Нет, мы, несомненно, еще пригодимся. Вот, например, если сдать себя в ломбард. Сам за собой не придешь, это понятно. На близких надежда тоже не большая. Но ходят же по нашим улицам всякие праздно-щедрые и любопытствующие, которые любят покупать по сходной цене дорогое. И тебя купят. И вставят в свой интерьер. И станешь ты частью чужого интерьера. Частью интерьера всего лишь. Частью интерьера.
Разговор в КПЗ.
«Зачем в Китай-то ходил?»
«Да нас ведь ждали в ихнем райцентре, рядом с границей. Мой друг им КамАЗы продает».
«Ну друг, ладно… А тебе-то что было делать в китайском райцентре?»
«Я за компанию. Надо же узнать, как люди стоят на ногах. Стоит ли им КамАЗы продавать? Они у нас были. Ты мою квартиру посмотрел, я – твою».
«КамАЗы ведь не твои. Ну и потом, я же у тебя не квартиры покупаю, а машины».
«Ну, они бы показали, например, свои магазины, набитые до отказа товарами…»
«А вдруг это не их магазины? Там ведь все по-китайски».
«Переводчик же есть».
«Подкуплен».
«Если они переводчику в год миллион платят, это тоже кое-что, пусть даже и магазины не их».
«Да мало ли в России таких комедиантов?»
Сначала перебежчику в Китай казалось, что ему просто попался бестолковый сосед, но теперь он понял, что тот просто вредный.
«Чего пристал? Выпили бы на халяву! Подарков, знаешь, сколько надарили бы? Они с такими мешками через таможню прут!»
* * *
Скрепленные птичьей слюной ласточкины хижины, кавказы Нью-Йорка, солнечная ржавчина замоскворецких окон… Куда уходят от меня эти караванные верблюды фантазий?
Все смешалось и при этом стало первобытно ясным. В том смысле, что «воздух дрожит от сравнений». Каждый с каждым готов поменяться местами, не рискуя потерять свое.

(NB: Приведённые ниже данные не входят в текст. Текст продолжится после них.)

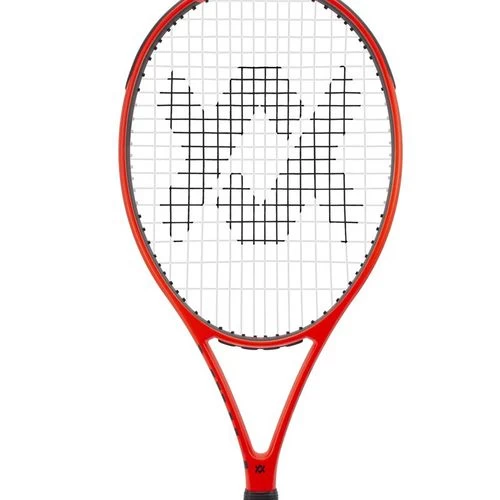 Volkl V8 Pro Tennis Racquet 5 Volkl V8 Pro Tennis Racquet - Image 5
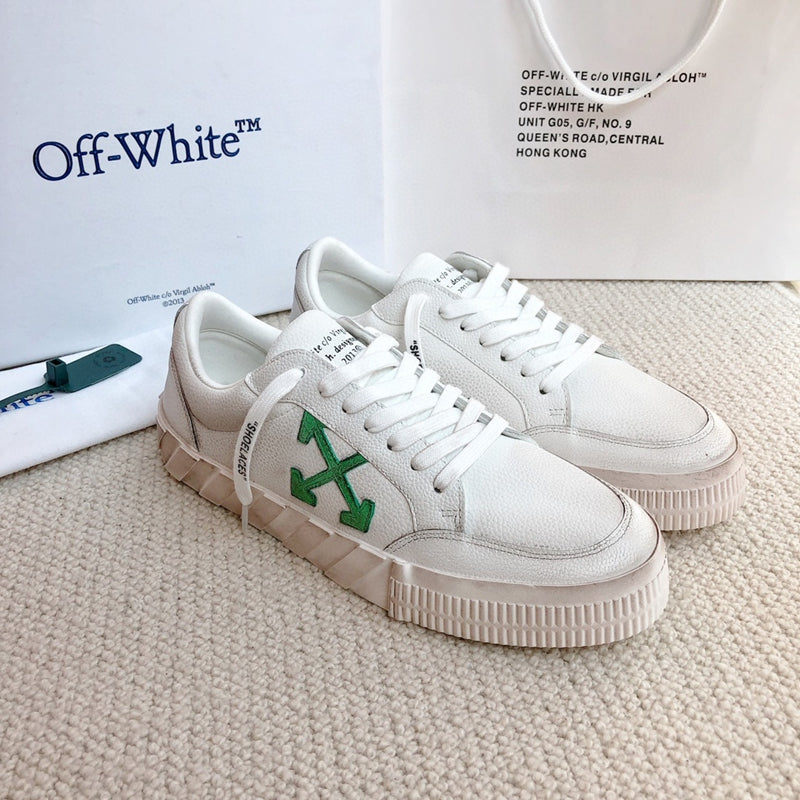 Off-White 2026 Men's and Women's Casual Shoes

Даже в сердце пламени – мрак. Но ничто не отменяется. Как в воспоминании. И все хотят друг другу понравиться. Чайник всякий раз закипает другим голосом, подпевая тайным мыслям хозяйки.

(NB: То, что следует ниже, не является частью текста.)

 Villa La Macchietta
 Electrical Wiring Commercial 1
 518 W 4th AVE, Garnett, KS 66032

Эгоцентрикам всегда кажется, что, когда рушится их жизнь, рушится мир. Часто они совершенно искренни в своем убеждении. И потому почти все сплошь и рядом философы. Правда, с оттенком истерики.
Живу в тесноте запретов и укорачивающихся желаний и надеюсь еще пожить. Здесь все же есть еще место идеалу. Хотя жизнь во все, конечно, вносит свои коррективы.
2001
Как я чуть было не стал редактором.
Уроки первый, второй, третий и четвертый
Летний грохочущий Невский, с парусиновыми еще, я думаю, козырьками над витринами (начало 70-х). Я благополучно и почти невредимо выбрался из армии, отслужив год после университета. Рука при виде военного еще тянется отдать честь. Хотя я давно уже в другой жизни: бродячий интеллигент, литературный лектор Ленконцерта с аттестатом артиста в кармане (все, выходящие от имени Ленконцерта на сцену, пребывали в звании артиста).

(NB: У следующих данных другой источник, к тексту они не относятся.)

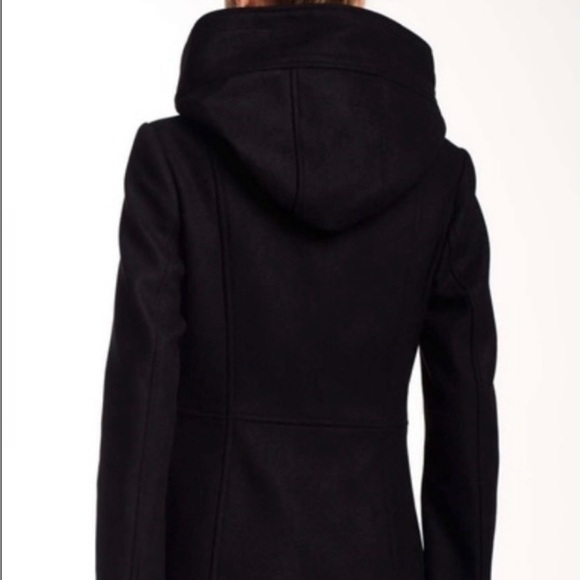 MACKAGE Zandra Coat XS - Picture 3 of 9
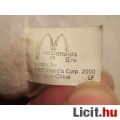 McDonald's  Figura (Ver.3) Disneyland 2000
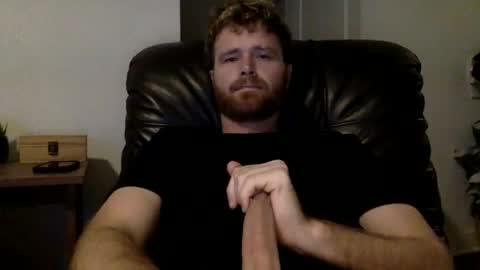 Ryan Oliver online show from February 11, 2:25 am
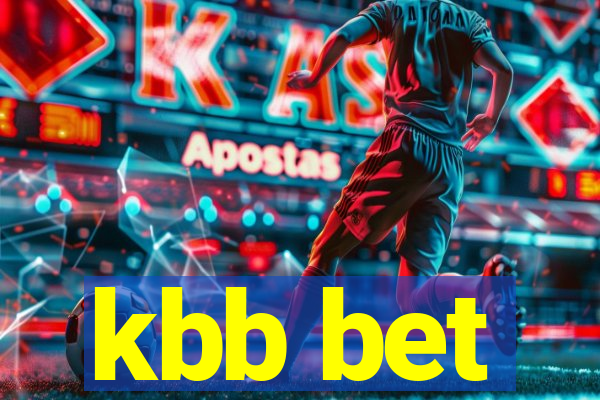 kbb bet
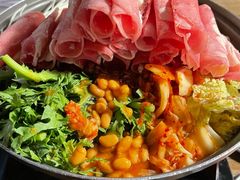 -MI WU FACTORY米屋美食工厂餐厅(绿地店)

Навстречу мне идет моя любимая университетская преподавательница Людмила Александровна Иезуитова. Давно не виделись, говорим о том о сем, кто и как с нашего курса устроился в жизни. «Коля, я собиралась вам звонить. Издательству „Детская литература“ требуется старший редактор. Нас просили порекомендовать молодого способного парня. Мы назвали вас. Сходите».
Я обещал.
Но мне нравится моя нынешняя вольная жизнь, нравятся разъезды и каждодневное единоборство с публикой. Веду себя согласно хитроумной логике Колобка. Два года назад, вместо поступления в аспирантуру, укатился в армию, теперь решил продолжать кататься как сыр в масле в роли почти свободного художника и почти артиста. И деньги приличные: сколько заработаешь. Зачем мне служба с 9 до 17.45 с перерывом на обед и твердым окладом? Это для стариков. В общем, без особых укоров совести, я неблагодарно забываю о лестном, должно быть, предложении.
Через полгода, примерно, там же на Невском вновь встречаю Людмилу Александровну (судьба, в который уже раз, прикидывается случаем). «Вы были в „Детгизе“?» «Нет».
Мое неинтеллигентное и легкомысленное поведение в некотором роде компенсируется чуткостью – я все читаю в глазах Л.А… Совесть, наконец, пробуждается во мне. К тому же, думаю, со школьных лет я просиживаю за столом, пытаясь сочинять стихи и прозу, и твердо уверен, что буду литератором (никаких метаний и поисков своего призвания – публика разочарована). Почему бы и не быть поближе к тому месту, где пекутся книги?